Locate "-和幸(春熙路群光广场店)" in the data below, then output the line it is on and all following lines through the last, word for word. Skip any pictures.

*** Extracted records Section Begins ***

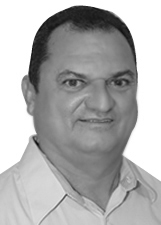 Foto de LUIS GONZAGA PICANÇO NETO
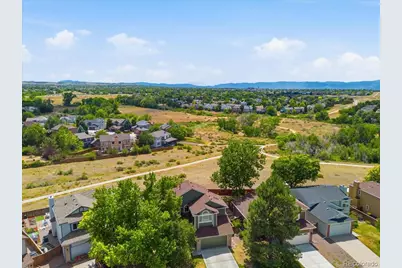 6358 Monterey Place, Littleton, CO 80130 - Photo 3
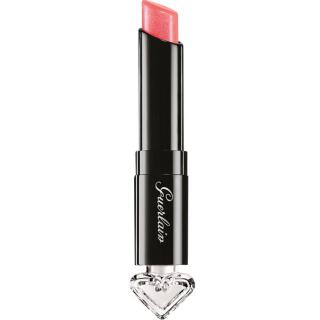 Guerlain La Petite Robe Noire Lipstick 2,8g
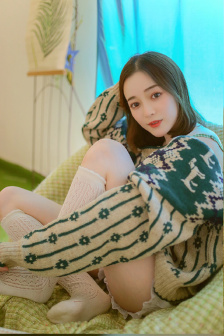 妈妈的闺蜜韩剧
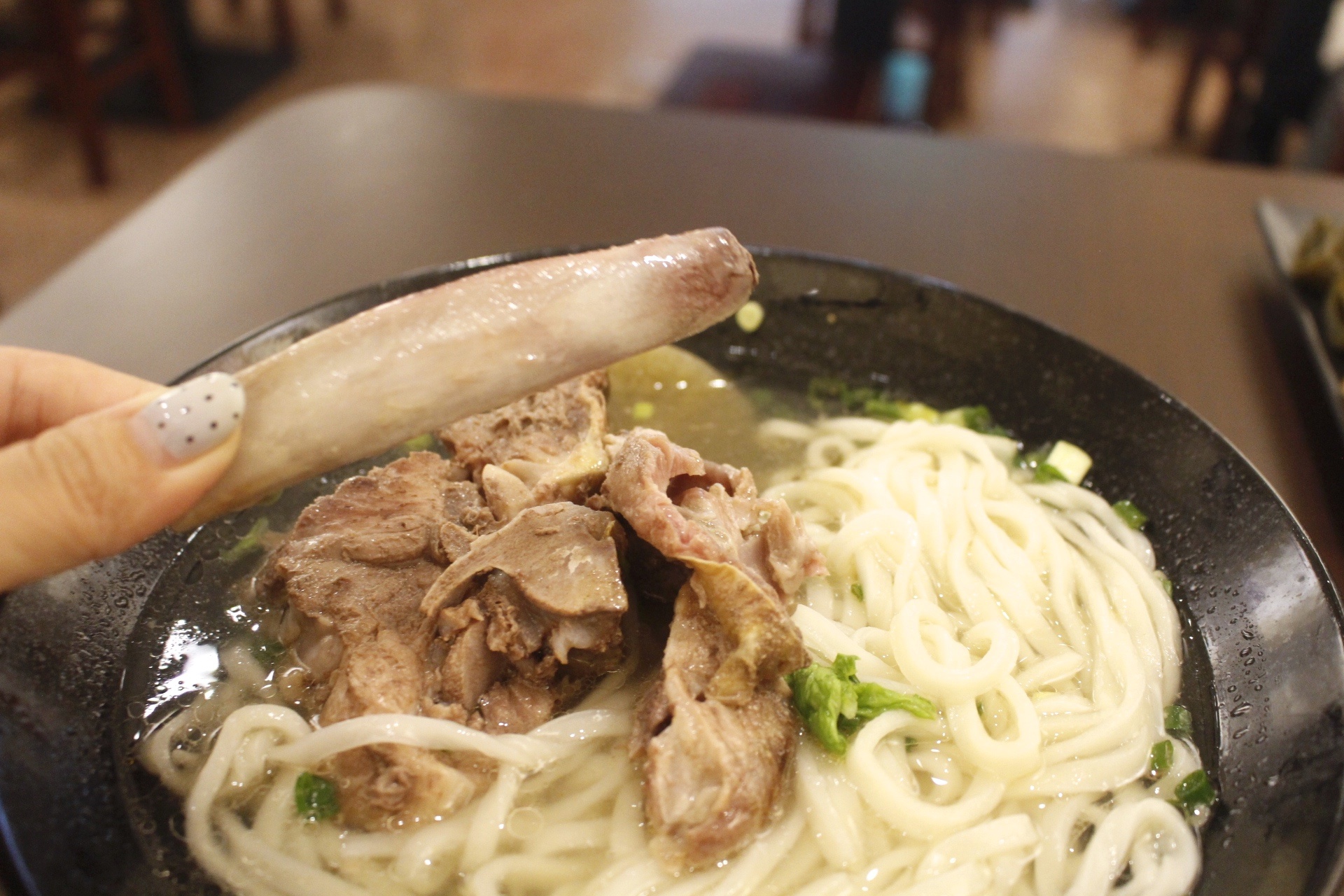 【食 麵角麵食館 メン角】遠赴香川縣學正宗讚岐うどん!每日限量 堅持無添加 口感Q軟好吃 【食 麵角麵食館 メン角】遠赴香川縣學正宗讚岐うどん!每日限量 堅持無添加 口感Q軟好吃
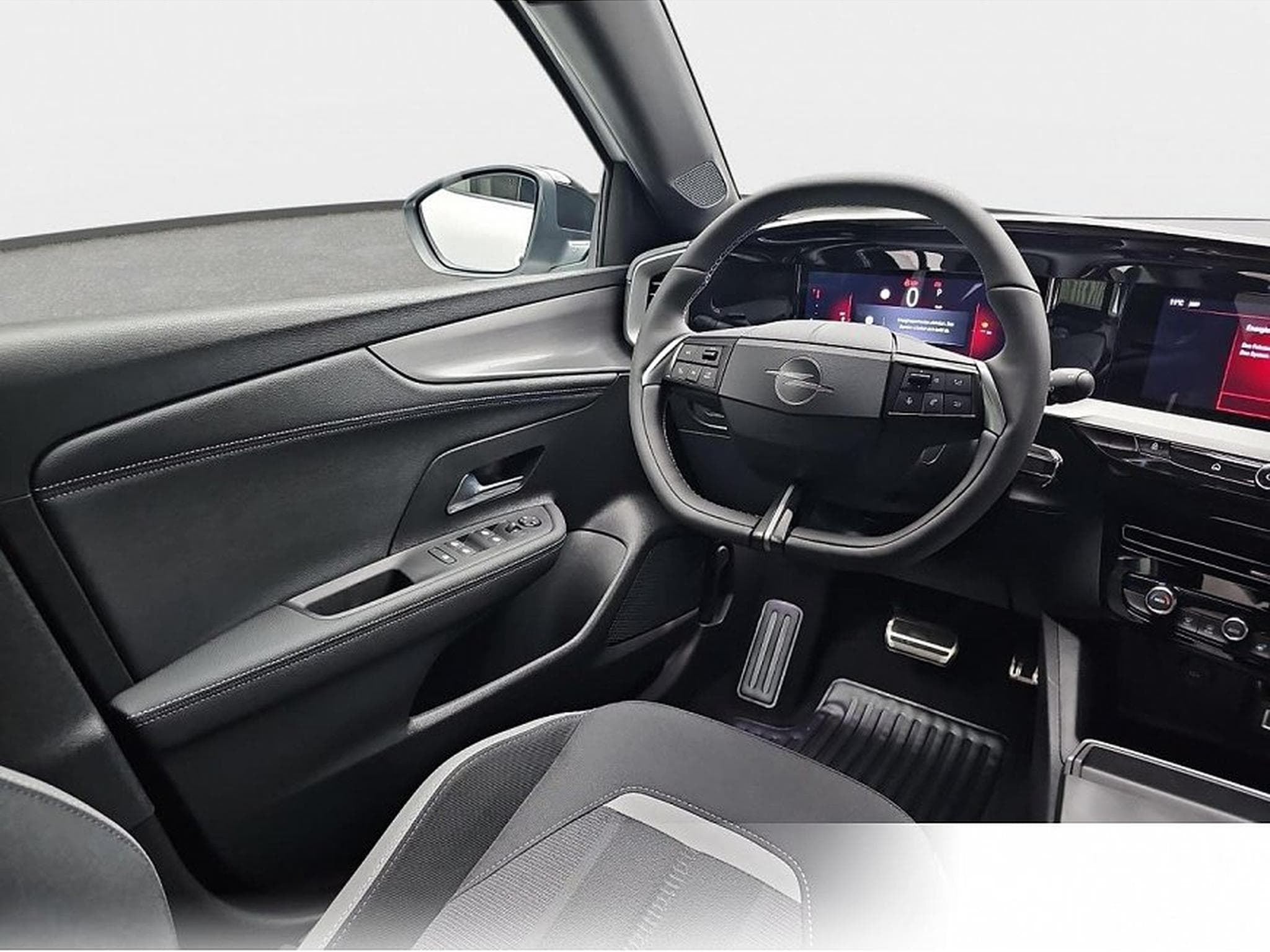 Opel Mokka (2026) - Foto 7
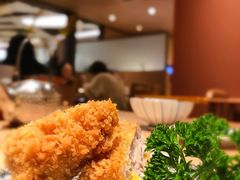 -和幸(春熙路群光广场店)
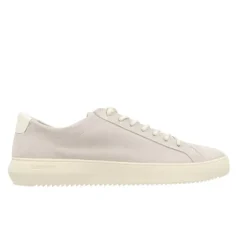 Sneakers|Casual*Blackstone Morgan Low Sand
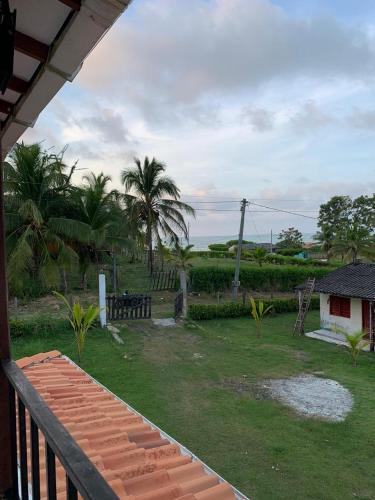 CABAÑA CAMPESTRE VILLA GILMA - COMPLETA PARA GRUPOS Y FAMILIA - Arboletes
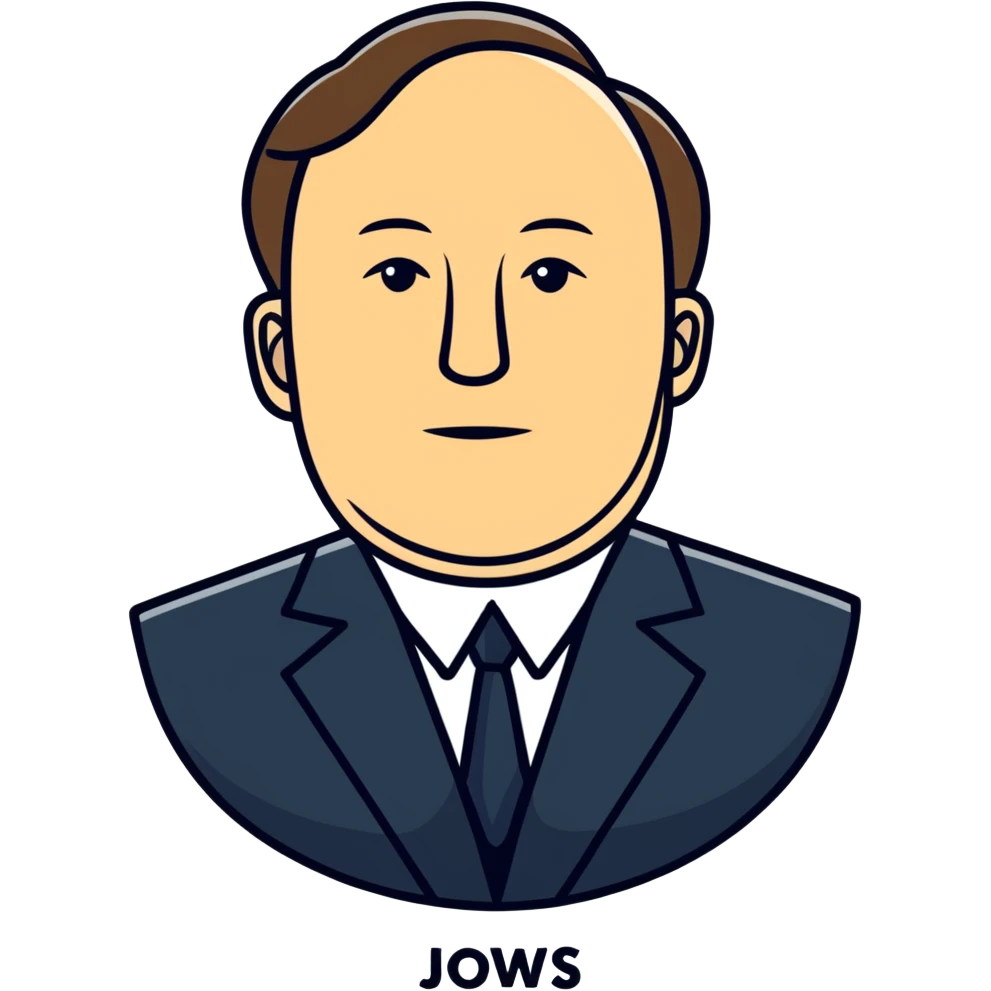 alex jones emoji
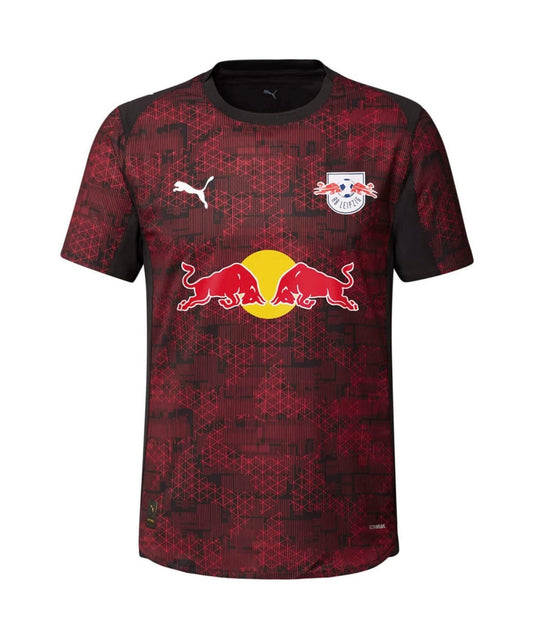 CAMISETA RB LEIPZIG THIRD 25/26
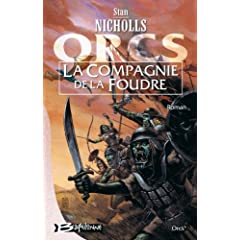 Cycle :Orcs de NICHOLS 2914370121.08._SCLZZZZZZZ_AA240_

*** Extracted records Section Ends ***

Answer section =
 -和幸(春熙路群光广场店)
 Sneakers|Casual*Blackstone Morgan Low Sand
 CABAÑA CAMPESTRE VILLA GILMA - COMPLETA PARA GRUPOS Y FAMILIA - Arboletes
 alex jones emoji
 CAMISETA RB LEIPZIG THIRD 25/26
 Cycle :Orcs de NICHOLS 2914370121.08._SCLZZZZZZZ_AA240_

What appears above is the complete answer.